SUPPLIED MATERIAL Block Start
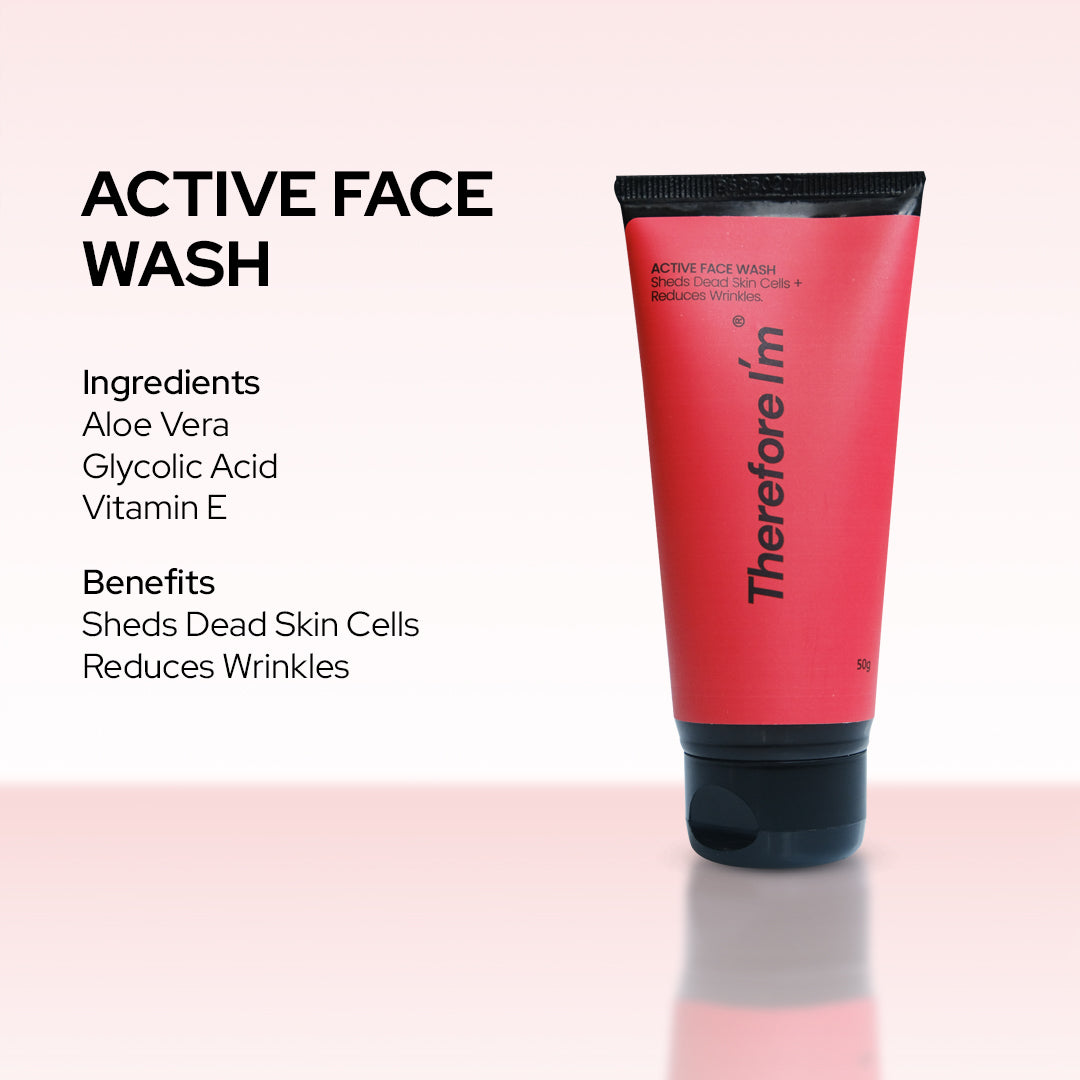 Active Face Wash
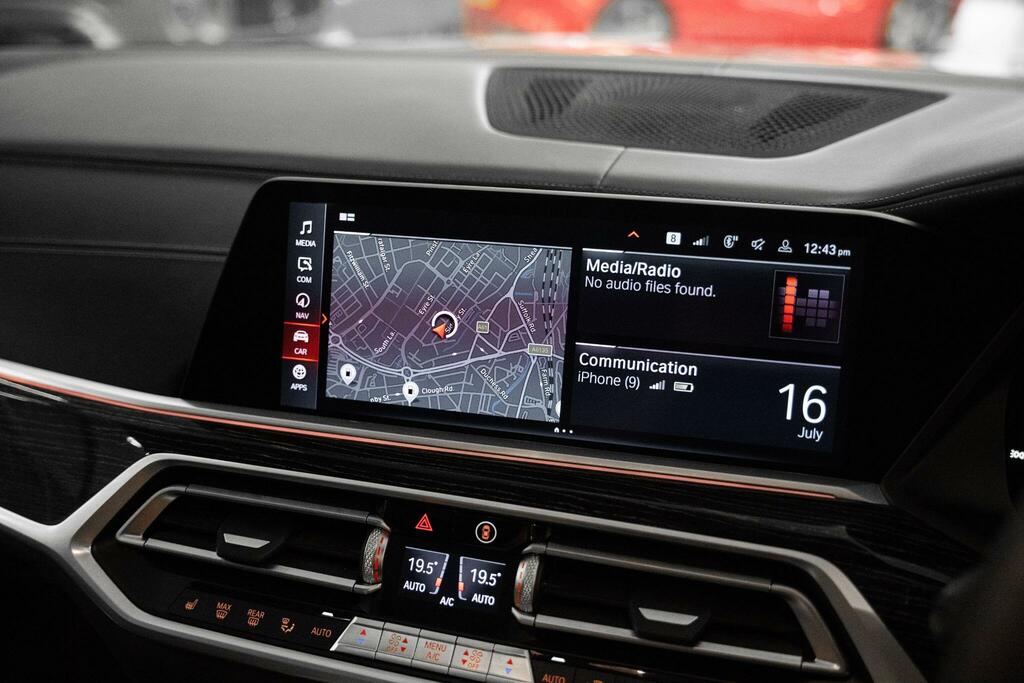 BMW X7 Suv 3.0 30D M Sport Xdrive Euro 6 Ss Blue #24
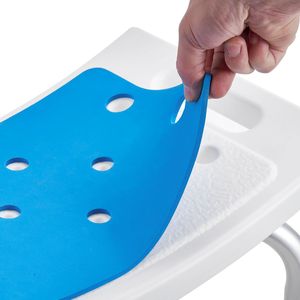 Sedia da Doccia Regolabile in Altezza, Sgabello Antiscivolo per Vasca e Doccia, Attrezzatura di Sicurezza per Anziani - Product Image 5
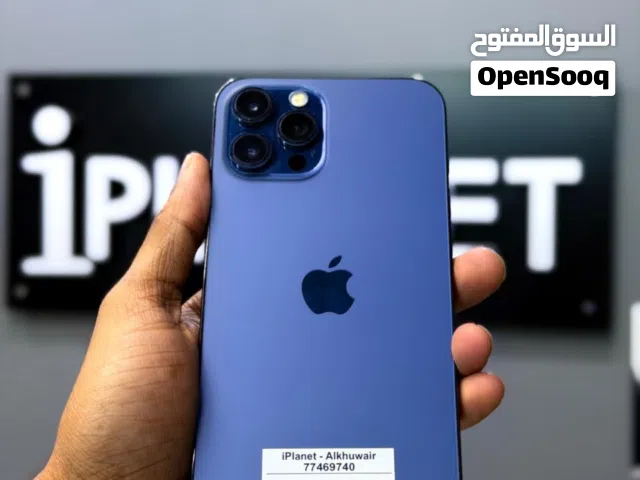 iPhone 12 pro max 256 GB Smooth condition phone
SUPPLIED MATERIAL Block End
• _YOUR TASK_
Would you restate the listing word for word and leave every picture out?

• _ANSWER SPACE_
 Active Face Wash
 BMW X7 Suv 3.0 30D M Sport Xdrive Euro 6 Ss Blue #24
 Sedia da Doccia Regolabile in Altezza, Sgabello Antiscivolo per Vasca e Doccia, Attrezzatura di Sicurezza per Anziani - Product Image 5
 iPhone 12 pro max 256 GB Smooth condition phone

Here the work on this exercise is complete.